Et comment la RDC devra-t-elle aborder ce sommet que tous appellent à leurs vœux ? « C’est déjà un bon voyant que l’Égypte accepte de reprendre les négociations avec le Soudan et l’Éthiopie sur l’utilisation des eaux du Nil afin de parvenir à un accord juste, équilibré et global. C’est seulement à cette condition-là que tout le monde gagnerait. Et d’ailleurs, en mars dernier, le ministre égyptien des Affaires étrangères est venu à Kinshasa solliciter l’implication du président Tshisekedi dans le différend avec l’Éthiopie, en sa qualité de 2è vice-président de l’UA qui s’apprête à en assumer la présidence tournante en 2021. » À dire vrai, estime ce diplomate africain, les négociations sont la seule solution à la crise : « C’est évident qu’un accord devra être trouvé avant que l’Éthiopie ne procède aux opérations de remplissage du réservoir du Grand barrage de la Renaissance. » L’Égypte croit fermement à « une solution politique » de la crise. Et le recours au Conseil de sécurité des Nations Unies découle de cette volonté d’un accord politique et diplomatique. C’est là même la position du Conseil de sécurité qui va encore se pencher sur cette question au cours de sa réunion de ce lundi 29 juin.
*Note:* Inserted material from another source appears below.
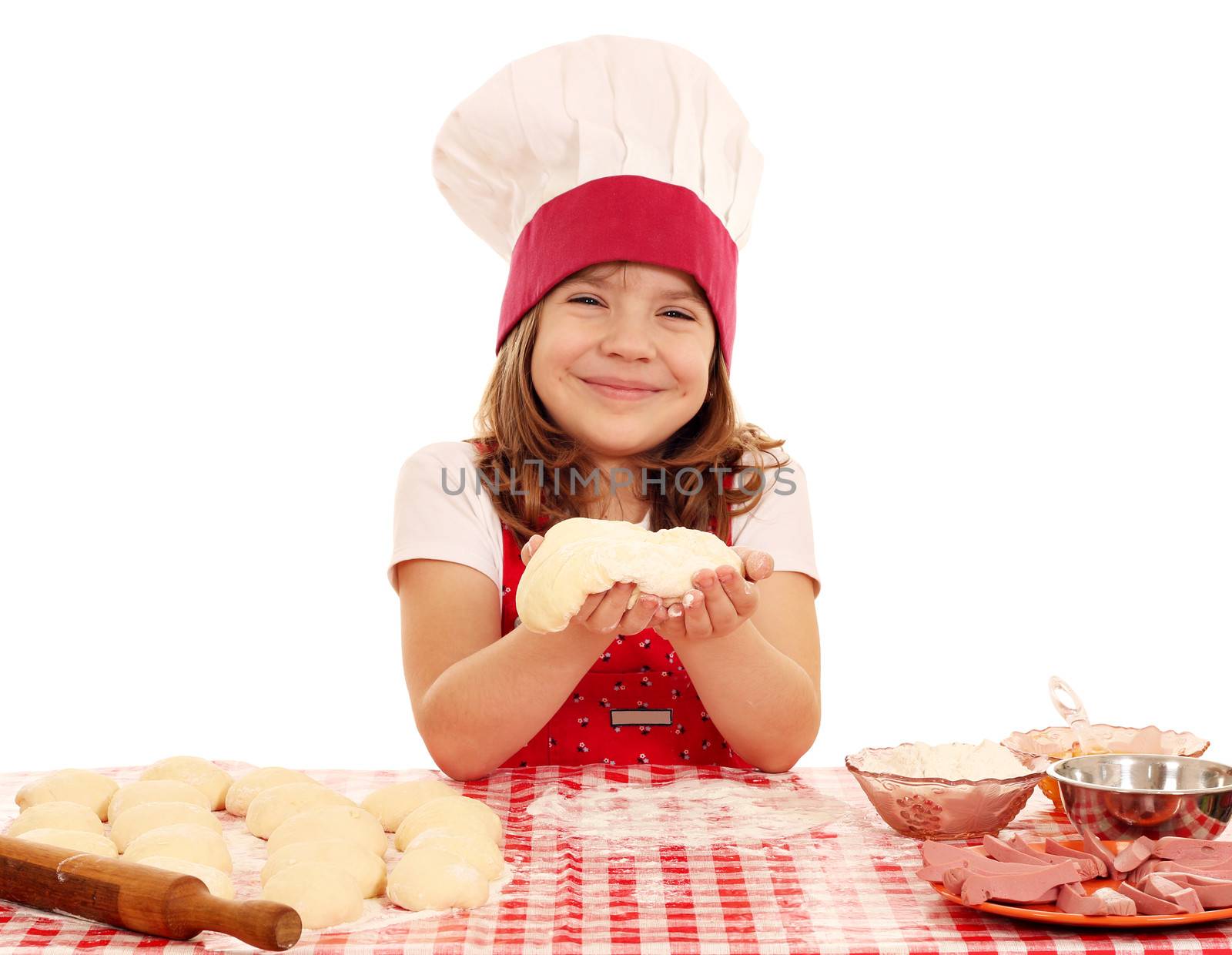 happy little girl cook with dough by goce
L’Initiative du bassin du Nil (IBN) regroupe tous les pays riverains du fleuve, à savoir le Burundi, l’Égypte, l’Éthiopie, le Kenya, l’Ouganda, la République démocratique du Congo, le Rwanda, le Soudan, le Soudan du Sud et la Tanzanie.
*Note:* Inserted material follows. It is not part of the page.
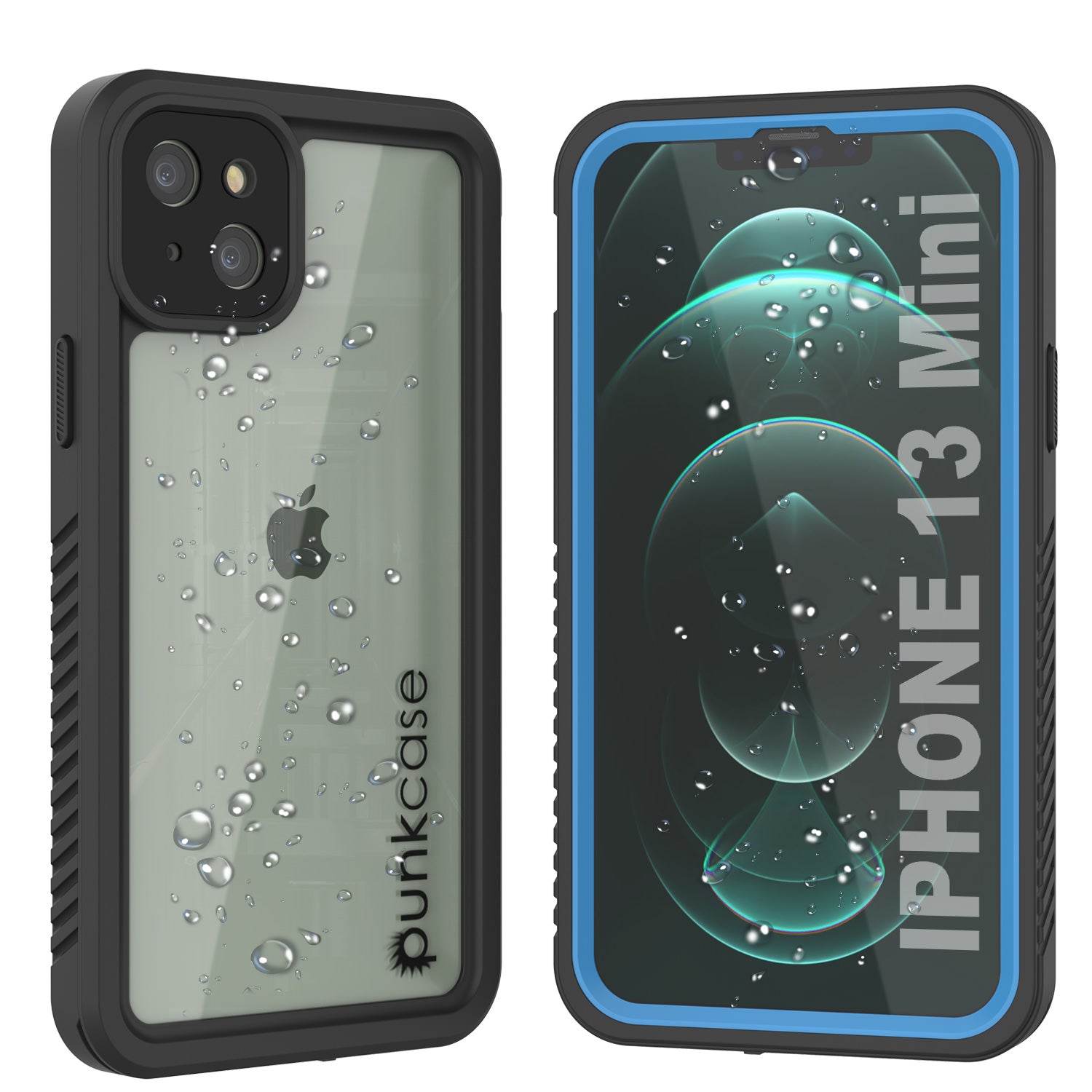 iPhone 13 Mini  Waterproof Case, Punkcase [Extreme Series] Armor Cover W/ Built In Screen Protector [Light Blue]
Pour rappel, l’IBN a été lancée en 1999, à l’origine, comme « un outil de mise en commun des informations scientifiques » entre les dix États riverains du plus long fleuve du monde, en vue d’« assurer le développement socio-économique par l’utilisation équitable et bénéfique des ressources hydriques communes du bassin du Nil ». En fait, l’initiative vise la paix et la sécurité de tous les pays riverains, en évitant tout conflit potentiel ou réel sur l’eau dans le bassin du Nil.
La ratification par tous les pays-parties de l’Accord-cadre (Accord d’Entebbe) du système censé définir le partage (usages) de l’eau du Nil est bloquée faute de consensus. Les points d’achoppement portent essentiellement sur l’article 4 relatif à « l’utilisation équitable et raisonnable des eaux du Nil », l’article 5 qui oblige les États du bassin de ne pas causer des dommages significatifs aux autres, et l’article 14 portant sur la sécurité de l’eau.
Le cycle de négociations avait débuté en mai 2009 à Kinshasa, puis une année plus tard, cinq pays de l’amont du fleuve (l’Éthiopie, le Kenya, l’Ouganda, le Rwanda et la Tanzanie) ont signé à Entebbe en Ouganda l’« Accord-cadre sur la coopération dans le bassin du fleuve Nil », et seuls l’Éthiopie, le Rwanda et la Tanzanie l’ont ratifié à ce jour. Tandis que les autres : le Burundi, l’Égypte, la RDC, le Soudan et le Soudan du Sud ne l’ont même pas encore signé. Cet accord remet en cause les traités de 1929 et 1959, qui donnent des « droits historiques » à l’Égypte et au Soudan, les deux pays de l’amont du fleuve, dont ils se prévalent encore. En 2012, à la suite des divergences persistantes au sein du système, l’Égypte et le Soudan ont suspendu leur participation à l’IBN.
Deux blocs solidaires
À l’invitation de Yoweri Museveni Kaguta, le président ougandais, un sommet des chefs d’État et de gouvernement de l’IBN a été organisé en juin 2017 à Kampala, la capitale de l’Ouganda, en juin 2017. Il était consacré au retour de l’Égypte au sein de l’organisation. Lors des travaux préparatoires, au niveau des experts et des ministres, à Entebbe où se trouve le siège de l’organisation, aucune avancée n’a été constatée à l’analyse des propositions de l’Égypte pour la sortie de crise. Sinon, seule une réelle implication politique des chefs d’État et de gouvernement pourrait permettre le consensus.
Enjeu, pas que politique
Les prétentions de l’Égypte portaient essentiellement sur la renégociation de l’Accord-cadre de coopération, l’acceptation du principe de notification préalable pour tout projet d’aménagement des eaux, la sécurité des eaux du bassin du Nil. Bref, ce que recherche l’Égypte, c’est l’acceptation par tous les États membres du principe de consensus dans la prise de décisions et non celui de vote à la majorité. Aussi, fonde-t-elle sa participation aux activités de l’IBN sur une approche de transparence, de consensus et de partage des informations.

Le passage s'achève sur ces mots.